‘Like a Girl’ club completing its first year
The Like a Girl club at T.A. Dugger Jr. High School (TAD) is closing out its first year since its inception in the Fall of 2018. The club was started by two enterprising young students who saw a need to encourage middle school girls to distinguish themselves at a crucial time in their development.
Like a Girl was originally started by Elizabethton High School students Taylor Long and McKenna Kiser as a project in the Bartleby program. However, Kiser, now a senior, is no longer involved in the group and has been replaced with Abby Markly.
The focus of the group is centered around current social issues faced by today’s girls in their formative years, such as bullying, self-esteem, and kindness to other girls. The activities, according to Taylor Long, are project based instead of “just preaching things to girls.”
“We have open topics that the girls want to talk about it as well as a specific topic we want to focus on every week,” Long said. Long explained that these topics and activities could be an elaborated self-defense event to a lesser involved personal hygiene discussion faced specifically by girls.
The club also wants girls to be more self-confident and focused and less worried about events currently outside their control.
“We want them to not get through middle school just to make it through. We want them to see where they are and be able to be content in that and not worry about making it to high school,” added Abby Markly. Markly stressed they wanted to shift the outlook of the girls on doing well in their current situation and be an asset to other girls “now.”
The club is assisted and monitored by school counselors and staff.

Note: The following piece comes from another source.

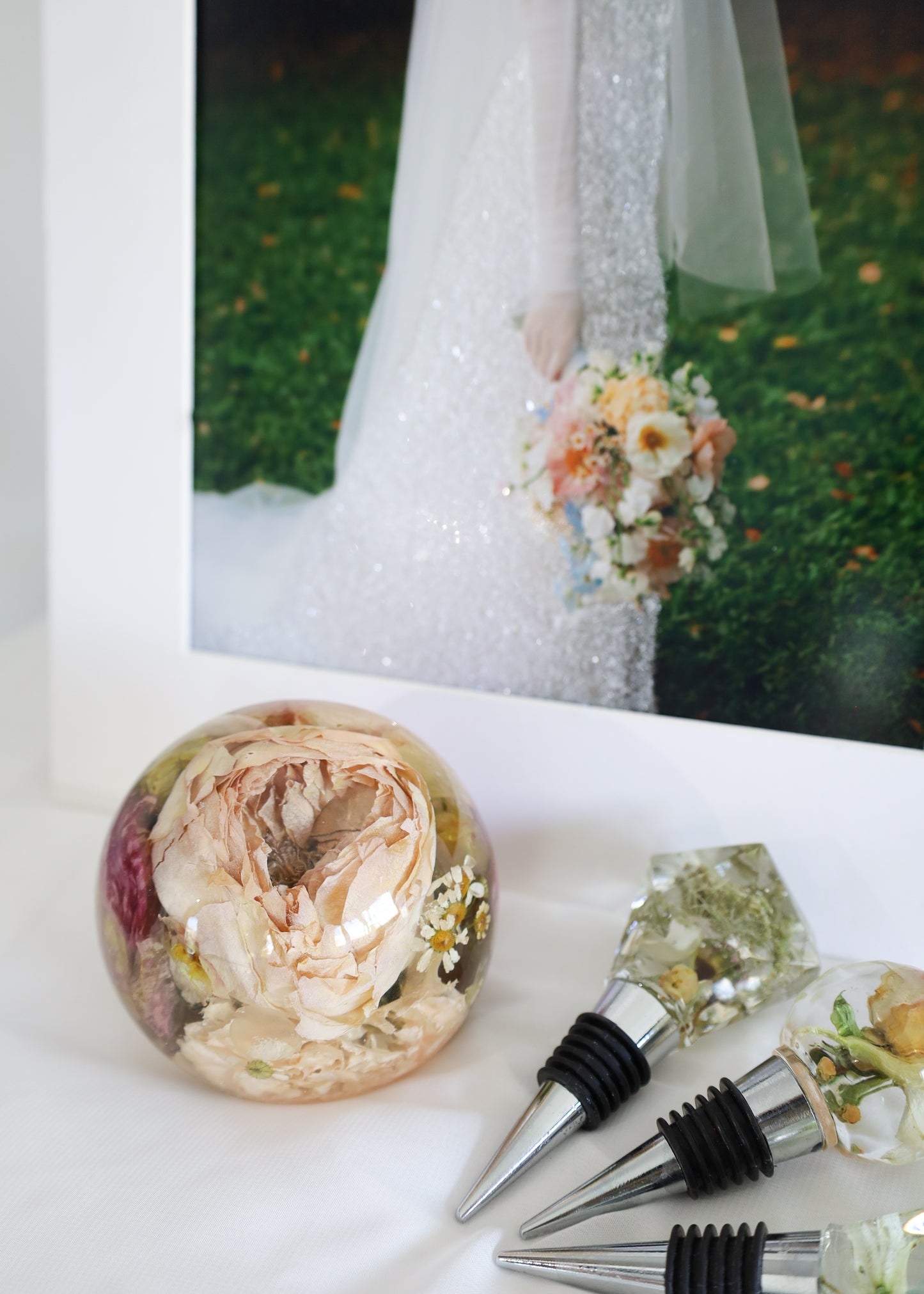 Pressed flowers frame & resin preservation package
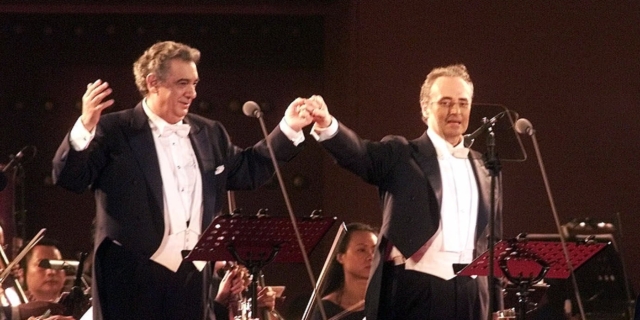 Jose Carreras και Placido Domingo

Ariel Minnick is the club’s counselor and a source where girls can go to for help of complicated social and mental health issues, for which the group has a partnership with the teen operated mental health support group called STRIVE.
The group is also currently supported with planning and direction by the following TAD teachers: Dustin Hensley, who is the teacher of the Community Improvement class that hosts this club as a semester-based project; and Tori Reeves, Rachel Arrowood and Kristin Waite, who serve on a rotation basis as advisors.